I say, “Excuse…” and before I can even get “…me, I never do this, but my girlfriend…” Fallon has already spun around, stuck out his hand to shake mine, and said “It’s cool, I’m Jimmy, what’s your name?” in the friendliest, nicest tone, like he’d heard all about me. Flabbergasted, I say, “Uh, Daniel.” He goes, “Great, I’m Jimmy, how are you man?” I say, “Uh, good, sure, thanks,” and then I go into my prepared thing and he says “Of course!” He gets her name right (he writes “Jenny where were you?” and signs his name) and then he wants to know all about me! I’ve got nothing to say; I’ve done nothing! Come on, am I supposed to tell him about Newsweek from ten years before? Instead I tell him I saw him last night on the season finale of SNL, how did he get here so fast? He says the MTV Movie Awards flew him out, tomorrow he has to begin rehearsal for hosting the show in a week or so. I’m like, that must be amazing. He talks about it, but only for a moment, then he’s right back to asking me what I did that week. I’m like, uh, I loved what you did during the cold open with Christopher Walken last night. He’s like, Oh thanks a lot, when we get guests like him, he makes it so easy, he’ll do it all or you can just riff and he’s right there with you.

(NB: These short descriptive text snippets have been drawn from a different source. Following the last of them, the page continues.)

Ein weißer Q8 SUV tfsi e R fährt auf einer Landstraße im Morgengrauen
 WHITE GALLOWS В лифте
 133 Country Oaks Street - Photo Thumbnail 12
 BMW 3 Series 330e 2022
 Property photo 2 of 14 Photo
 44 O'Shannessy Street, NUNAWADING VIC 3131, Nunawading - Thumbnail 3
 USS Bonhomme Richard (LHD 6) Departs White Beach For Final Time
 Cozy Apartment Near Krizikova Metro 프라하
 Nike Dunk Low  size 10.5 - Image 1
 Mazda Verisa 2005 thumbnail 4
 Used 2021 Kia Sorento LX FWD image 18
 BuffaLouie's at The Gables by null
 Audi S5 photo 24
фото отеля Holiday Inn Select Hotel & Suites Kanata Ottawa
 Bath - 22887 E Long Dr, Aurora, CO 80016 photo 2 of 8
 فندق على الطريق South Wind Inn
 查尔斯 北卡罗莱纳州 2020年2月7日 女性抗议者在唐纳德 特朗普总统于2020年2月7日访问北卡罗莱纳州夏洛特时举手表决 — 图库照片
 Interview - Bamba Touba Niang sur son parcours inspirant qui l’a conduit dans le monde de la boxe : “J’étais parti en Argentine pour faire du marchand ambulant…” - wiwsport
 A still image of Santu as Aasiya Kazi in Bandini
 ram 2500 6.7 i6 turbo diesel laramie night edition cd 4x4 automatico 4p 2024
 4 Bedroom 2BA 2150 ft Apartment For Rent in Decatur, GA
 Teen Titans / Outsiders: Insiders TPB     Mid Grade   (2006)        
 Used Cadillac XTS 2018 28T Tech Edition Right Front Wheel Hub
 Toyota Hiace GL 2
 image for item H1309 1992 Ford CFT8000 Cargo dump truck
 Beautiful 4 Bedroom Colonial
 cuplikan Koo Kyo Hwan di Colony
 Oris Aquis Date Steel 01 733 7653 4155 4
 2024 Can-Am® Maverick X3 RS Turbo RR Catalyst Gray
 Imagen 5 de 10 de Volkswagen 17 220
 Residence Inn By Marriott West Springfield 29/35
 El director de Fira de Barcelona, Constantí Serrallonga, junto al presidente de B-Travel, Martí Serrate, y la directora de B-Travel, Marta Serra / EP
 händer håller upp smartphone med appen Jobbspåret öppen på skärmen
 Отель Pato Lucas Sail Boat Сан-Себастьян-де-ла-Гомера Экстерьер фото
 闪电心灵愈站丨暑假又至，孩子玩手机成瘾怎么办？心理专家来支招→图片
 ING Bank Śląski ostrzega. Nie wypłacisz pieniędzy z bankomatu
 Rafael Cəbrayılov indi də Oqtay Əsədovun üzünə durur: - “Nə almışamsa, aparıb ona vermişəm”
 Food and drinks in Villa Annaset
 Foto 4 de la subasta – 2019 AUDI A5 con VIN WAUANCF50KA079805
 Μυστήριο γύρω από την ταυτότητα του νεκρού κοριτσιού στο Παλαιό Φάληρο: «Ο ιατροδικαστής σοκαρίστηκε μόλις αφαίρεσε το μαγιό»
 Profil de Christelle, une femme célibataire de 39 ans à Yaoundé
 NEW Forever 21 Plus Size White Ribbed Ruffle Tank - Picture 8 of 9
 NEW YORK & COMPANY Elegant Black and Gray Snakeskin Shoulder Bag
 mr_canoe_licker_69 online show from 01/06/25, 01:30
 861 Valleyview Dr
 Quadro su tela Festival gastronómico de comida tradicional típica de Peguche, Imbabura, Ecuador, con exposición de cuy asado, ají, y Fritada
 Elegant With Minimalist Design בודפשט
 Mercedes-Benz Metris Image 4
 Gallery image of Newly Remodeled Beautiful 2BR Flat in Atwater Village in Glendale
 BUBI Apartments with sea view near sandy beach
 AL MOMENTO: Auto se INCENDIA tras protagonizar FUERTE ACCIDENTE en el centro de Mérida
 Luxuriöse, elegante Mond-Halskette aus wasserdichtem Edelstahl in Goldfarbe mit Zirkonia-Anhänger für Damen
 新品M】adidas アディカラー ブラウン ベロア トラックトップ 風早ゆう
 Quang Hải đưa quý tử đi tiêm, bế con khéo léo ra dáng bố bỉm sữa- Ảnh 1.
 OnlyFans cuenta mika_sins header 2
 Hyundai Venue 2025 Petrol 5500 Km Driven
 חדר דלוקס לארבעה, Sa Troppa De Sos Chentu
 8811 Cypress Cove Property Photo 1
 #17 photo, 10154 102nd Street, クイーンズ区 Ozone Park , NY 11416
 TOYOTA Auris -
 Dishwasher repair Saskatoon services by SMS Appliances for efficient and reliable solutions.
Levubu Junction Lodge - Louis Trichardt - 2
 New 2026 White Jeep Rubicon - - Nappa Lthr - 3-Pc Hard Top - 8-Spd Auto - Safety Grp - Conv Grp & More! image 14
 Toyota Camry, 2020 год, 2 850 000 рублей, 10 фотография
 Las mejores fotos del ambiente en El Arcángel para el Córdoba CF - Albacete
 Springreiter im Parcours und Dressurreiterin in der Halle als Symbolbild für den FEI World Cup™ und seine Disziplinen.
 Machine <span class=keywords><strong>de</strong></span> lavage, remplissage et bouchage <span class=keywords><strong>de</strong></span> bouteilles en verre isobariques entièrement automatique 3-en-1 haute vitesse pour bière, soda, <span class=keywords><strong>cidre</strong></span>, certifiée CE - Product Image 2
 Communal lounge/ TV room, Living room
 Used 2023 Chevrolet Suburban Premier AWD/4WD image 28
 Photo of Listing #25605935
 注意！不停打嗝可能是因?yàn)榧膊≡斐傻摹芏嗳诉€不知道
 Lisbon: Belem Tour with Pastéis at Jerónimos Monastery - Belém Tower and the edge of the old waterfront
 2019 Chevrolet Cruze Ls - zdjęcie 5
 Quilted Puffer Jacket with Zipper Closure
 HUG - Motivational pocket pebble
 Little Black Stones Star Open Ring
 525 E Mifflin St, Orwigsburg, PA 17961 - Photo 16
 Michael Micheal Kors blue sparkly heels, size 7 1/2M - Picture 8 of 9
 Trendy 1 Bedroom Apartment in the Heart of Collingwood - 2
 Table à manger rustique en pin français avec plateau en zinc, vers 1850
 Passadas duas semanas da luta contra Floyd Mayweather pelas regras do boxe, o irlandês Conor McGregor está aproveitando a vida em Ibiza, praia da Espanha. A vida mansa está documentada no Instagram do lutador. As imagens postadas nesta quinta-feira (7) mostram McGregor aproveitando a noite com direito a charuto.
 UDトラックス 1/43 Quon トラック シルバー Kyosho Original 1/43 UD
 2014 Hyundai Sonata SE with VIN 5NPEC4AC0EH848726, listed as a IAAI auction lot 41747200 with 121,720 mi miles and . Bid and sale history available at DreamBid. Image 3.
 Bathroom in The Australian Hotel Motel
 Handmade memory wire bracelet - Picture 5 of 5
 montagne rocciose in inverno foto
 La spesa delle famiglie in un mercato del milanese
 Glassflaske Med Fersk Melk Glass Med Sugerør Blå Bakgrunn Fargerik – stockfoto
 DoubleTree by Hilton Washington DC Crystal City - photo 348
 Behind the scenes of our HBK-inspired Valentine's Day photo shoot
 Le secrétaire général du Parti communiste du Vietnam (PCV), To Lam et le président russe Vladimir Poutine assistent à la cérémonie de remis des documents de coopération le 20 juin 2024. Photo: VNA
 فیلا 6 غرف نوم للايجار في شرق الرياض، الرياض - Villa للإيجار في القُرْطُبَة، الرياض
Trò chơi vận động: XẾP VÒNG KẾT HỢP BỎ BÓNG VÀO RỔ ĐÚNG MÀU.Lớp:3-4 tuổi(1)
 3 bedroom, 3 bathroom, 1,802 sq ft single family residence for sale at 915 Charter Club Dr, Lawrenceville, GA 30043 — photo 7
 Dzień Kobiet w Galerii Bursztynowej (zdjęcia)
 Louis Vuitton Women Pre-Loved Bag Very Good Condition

This goes on for several more minutes. Elza approaches and Jimmy Fallon is chatting with the three of us. At some point, an usher walks up and says “The theatre is ready now” and walks away, and Jimmy Fallon says to me and Elza, “So are we going into the movie or what?” Now I’m doubly flabbergasted. I say, “Uh, well, we just saw it. It’s good! You’ll really like it.” And that was that. Like Fallon, I’m not a star-fucker. On the other hand, as we said our warm goodbyes, I was like, damn. What was I thinking?

Sure, this story isn’t much. But it told me that Fallon was exactly the person that my then-girlfriend loved on SNL: amiable, jolly, friendlier than a puppy, and always “breaking” (cracking up laughing). And so, yeah, okay, Kimmel has more rapier wit, and Colbert is wrapping up the greatest nine-year performance piece since Yul Brynner played the King of Siam in 4,625 separate performances. (4,625 separate performances?) But I can’t help but root just a little bit for Fallon. He invited me to a movie in 2001. He’s always inviting us all to the movie of his life. And in that, he anticipated everything happening in media after 2001.